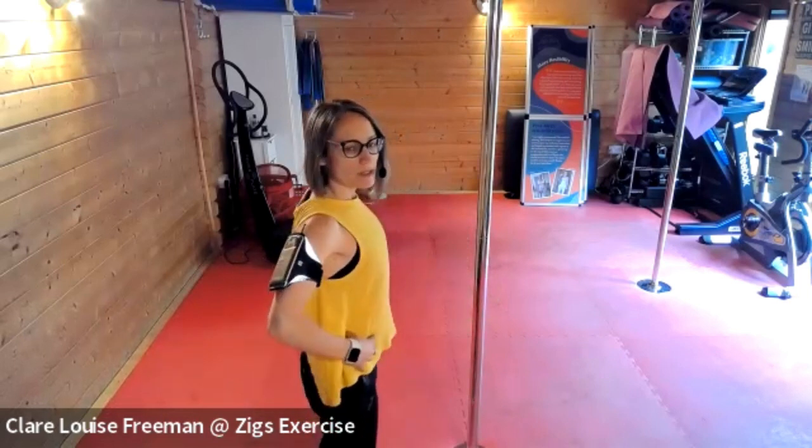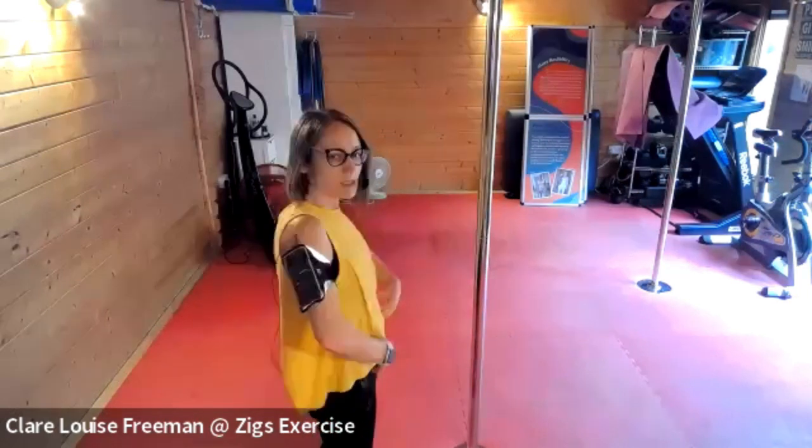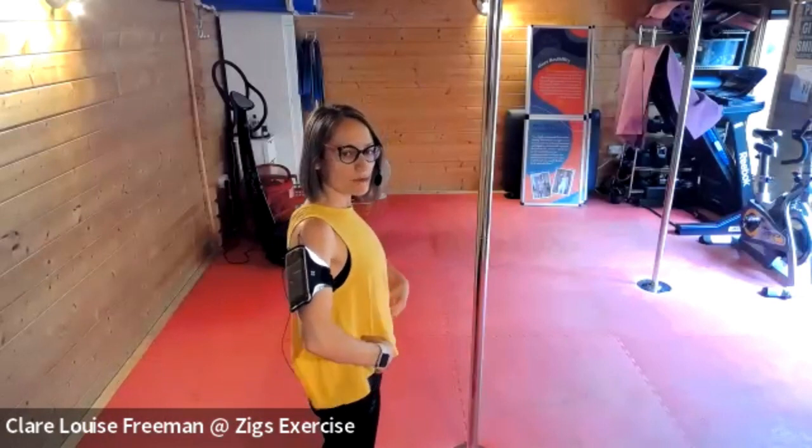We're then going to pop the chest forwards to the side, drop it back, move to the side and pop it forward, so that we're closing the ribcage and then opening, and then reversing.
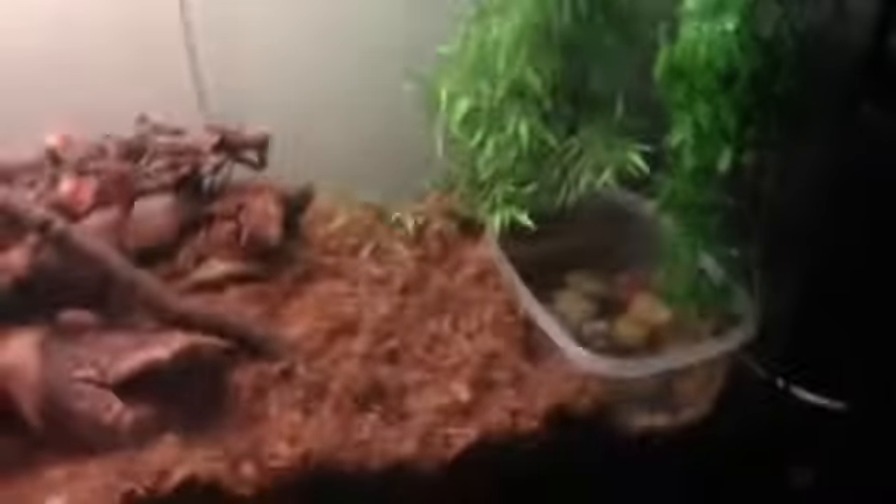Now on to care. Dust their crickets with calcium — it should usually have vitamin D in it. Their tank needs to be fairly warm, about 70 to 95 degrees, maybe a little more.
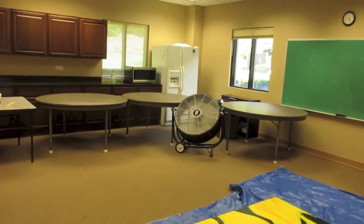The fumes are getting to be a little much, so we have a giant fan over here and the door over there open to outside so that the fumes aren't as bad. We're starting to feel a little bit lightheaded.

=-=-=

Task instructions :: Your reply should hold every line above exactly as written and none of the pictures.

Expected answer ::
We're then going to pop the chest forwards to the side, drop it back, move to the side and pop it forward, so that we're closing the ribcage and then opening, and then reversing.
Now on to care. Dust their crickets with calcium — it should usually have vitamin D in it. Their tank needs to be fairly warm, about 70 to 95 degrees, maybe a little more.
The fumes are getting to be a little much, so we have a giant fan over here and the door over there open to outside so that the fumes aren't as bad. We're starting to feel a little bit lightheaded.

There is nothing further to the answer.